Astonishing Spider-Man and Wolverine #1: If Whedon's Astonishing X-Men was any indication of the quality of Marvel's new "Astonishing" line of comics, then we've had reason to be excited for Astonishing Spider-Man and Wolverine for sometime. Now that the first issue is out, I feel like Marvel might have found their very own Brave and the Bold. Now, that's not to say that the big two are just mirroring each other (no, who would ever accuse them of that), but it's pretty damn close. The major difference is that Marvel's "Astonishing," or at least Astonishing Spider-Man and Wolverine, is a mini-series instead of a series of single issue stories. Though I've praised the one-and-done quite a bit in my reviews, I have to say that this time around I'm happy to have six issues of ASMW, because it's exactly what you want out of a Spider-Man/Wolverine team-up. Jason Aaron has perfectly bottled the dynamic between the two characters, and Adam Kubert's art is nothing short of...well...astounding. There's no doubt that this book is better than it should be; after all, Spider-Man and Wolverine are two of the most marketed (and marketable) comic book characters of all time, characters that we should logically be sick of by now. However, Aaron and Kubert might have accomplished something truly remarkable with Astonishing Spider-Man and Wolverine: a story that reminds us why these two characters are so damn popular in the first place.

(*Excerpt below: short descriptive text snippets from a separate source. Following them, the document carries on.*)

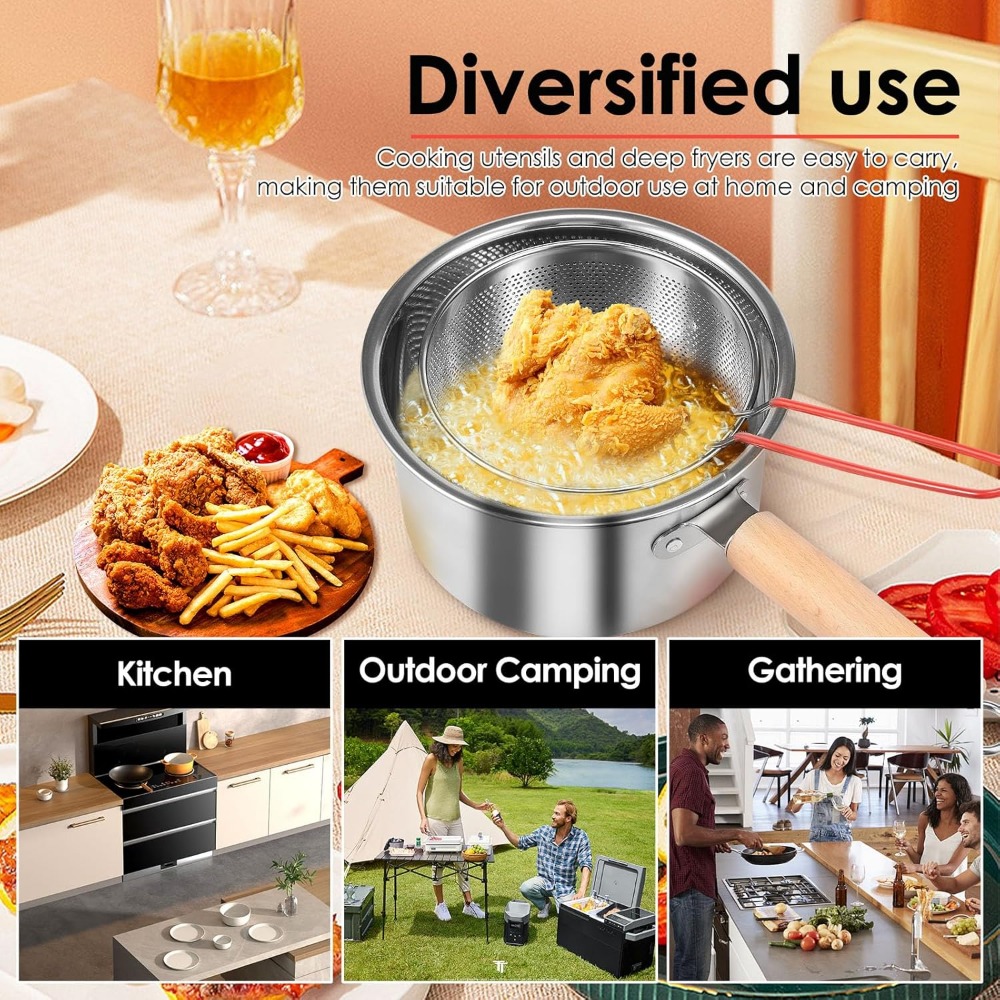 2.5L stainless steel deep frye - огляд і ціна Commercial Kitchen Appliance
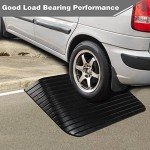 Candockway 3" Threshold Wheelchair Ramp - Portable, Non-Slip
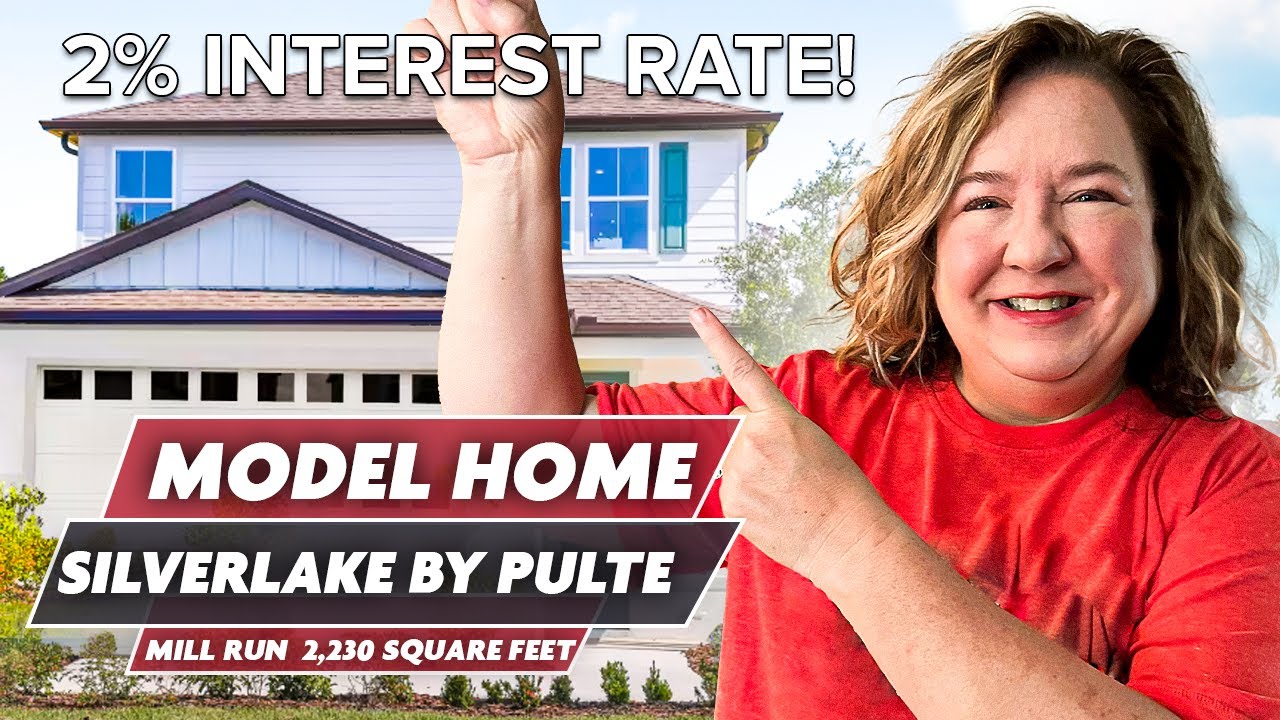 New Construction Home Tour 36 Minutes From Disney 🏠 | Pulte Homes | Silverlake | Lake Alfred FL |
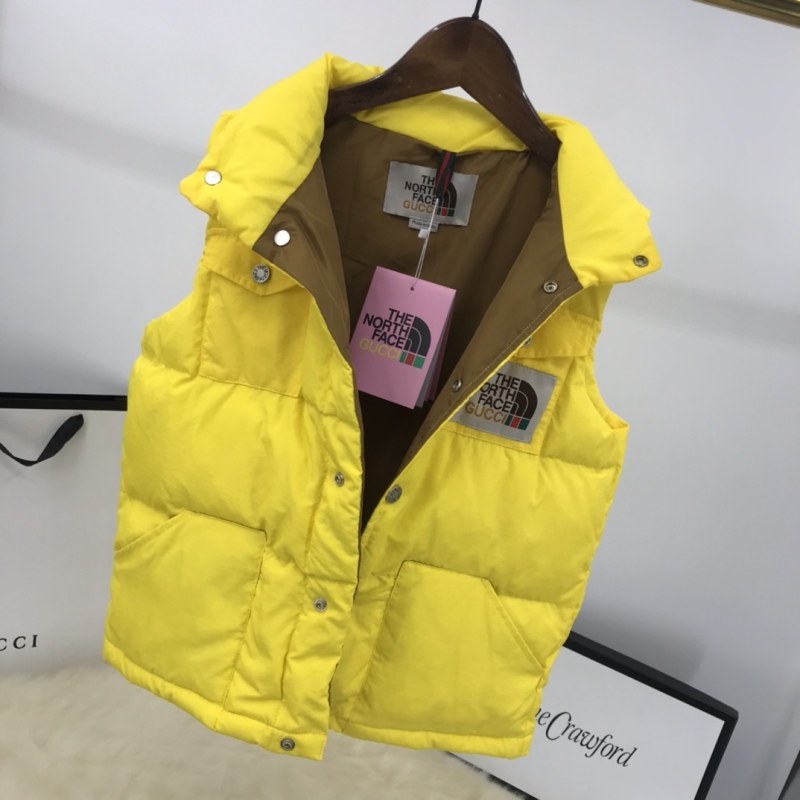 Buy Cheap The North Face x Gucci Vest down jacket high quality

Philip K. Dick's Electric Ant #2: After reading the second issue of Electric Ant, I fear that my initial reservations about the book are going to prove valid. It's not a horrible comic, but it is pretty mundane. To anybody who is familiar with Philip K. Dick's work, this effort just comes off as watered down Dick. Which is to say, it feels like exactly what it is: a Philip K. Dick story without Philip K. Dick. Though it's not nearly as bad as say, Spielberg's A.I., which was Kubrick without Kubrick, the comparison did come to mind. Two issues in, and Marvel's interpretation of Electric Ant remains woefully underwhelming.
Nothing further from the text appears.